Investors were net redeemers of domestic equity funds, withdrawing $24.9bn this year as of April 11.

Net flows into emerging markets funds (+$21.7bn) accounted for almost one third of those new international fund purchases, while the diversified international fund classifications took in $52.5bn this year as of April 11.  Lipper’s international multi-cap core funds, a go-anywhere classification, took in $35.4bn of those net inflows.

Equity ETFs overall witnessed net inflows for the first flows week in four, taking in a little less than $6.1bn.

The flows went to domestic equity ETFs (+$5.7bn), for the first week in four, and nondomestic equity ETFs (+369m), for the second week in a row.

In contrast, for the third week in a row, mutual funds (ex-ETF) investors were net sellers of equity funds, redeeming $346m. Domestic equity funds, handing back a little less than $1.6bn, witnessed their seventh consecutive weekly net outflows while posting a 0.27% return on average for the flows week.
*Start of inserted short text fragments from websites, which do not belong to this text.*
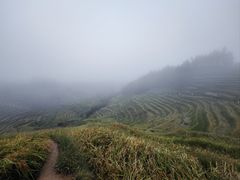 -紫鹊界梯田景区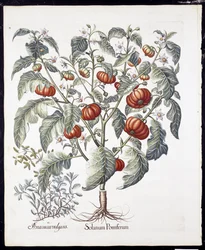 Solanum Pomiferum fra Hortus Eystettensis af Basil Besler (1561-1629) pub 1613 (håndfarvet gravering)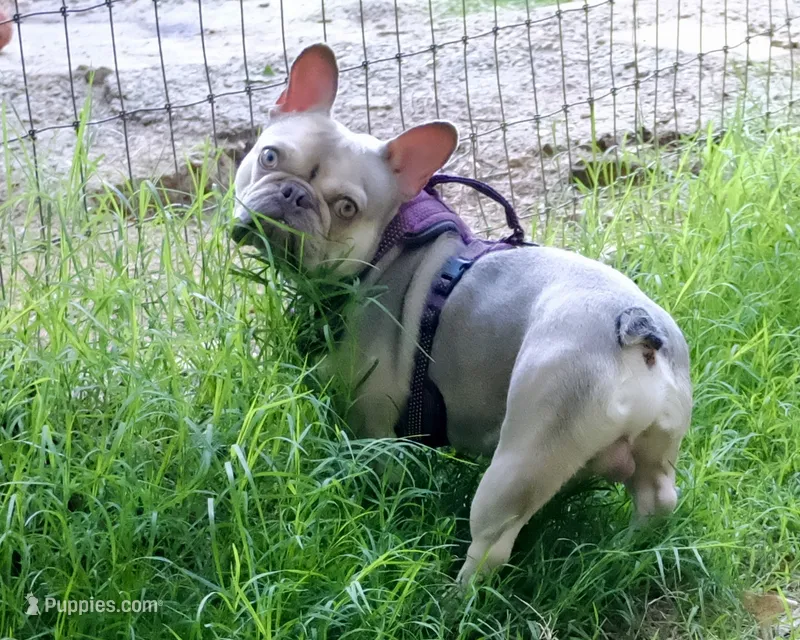 Maverick – French Bulldog puppy for sale in Saint Matthews, SC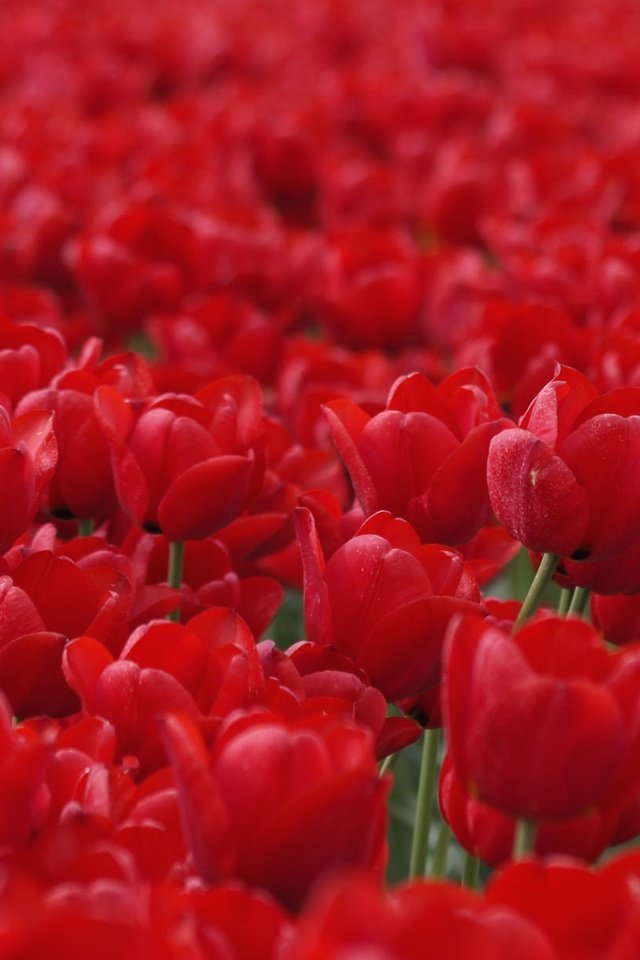 Обои цветы, бутоны, красные, весна, тюльпаны, flowers, buds, red, spring, tulips разрешение 2048x1230 Загрузить
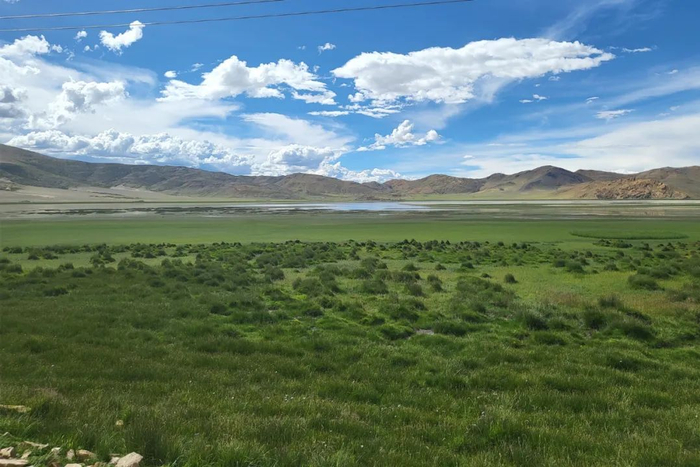 整改后的南木拉湿地风光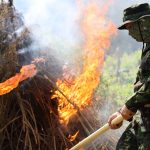 Dimusnahkan, Dua Hektare Lahan Berisi 15 Ton Tanaman Ganja di Aceh Dibakar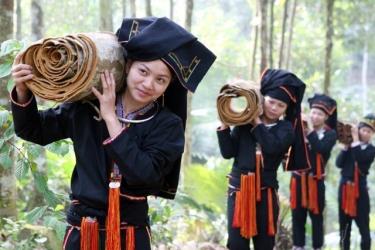 Sản phẩm quế vỏ được người trồng chuẩn bị đưa đi tiêu thụ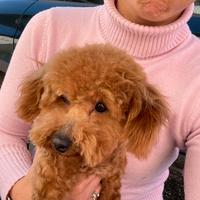 Barboncino toy monte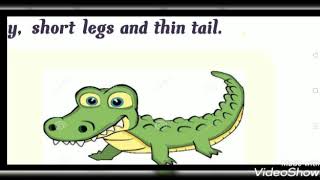 lesson (6) Classification of vertebrates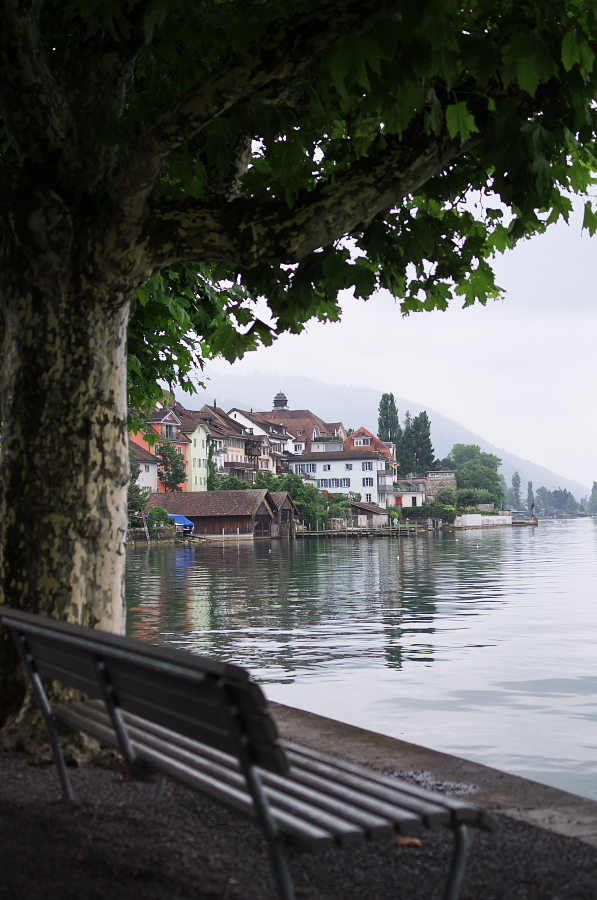 IMGP3674.jpg(314757 byte)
Meanwhile, their nondomestic equity fund counterparts, posting a 1.10% gain on average, witnessed their fourth consecutive week of net inflows (+$1.2bn).

This year, the trend is very clear: mutual fund investors are embracing nondomestic funds (injecting $47.4bn), while rejecting domestic equity funds (redeeming $28bn).

Meanwhile, ETF investors plowed $32.5bn net into nondomestic equity ETFs, and domestic equity ETFs attracted $3.1bn net.

While the trend is not as lopsided on the ETF side of the business, it appears that ETF investors still favor foreign equity investments over domestic.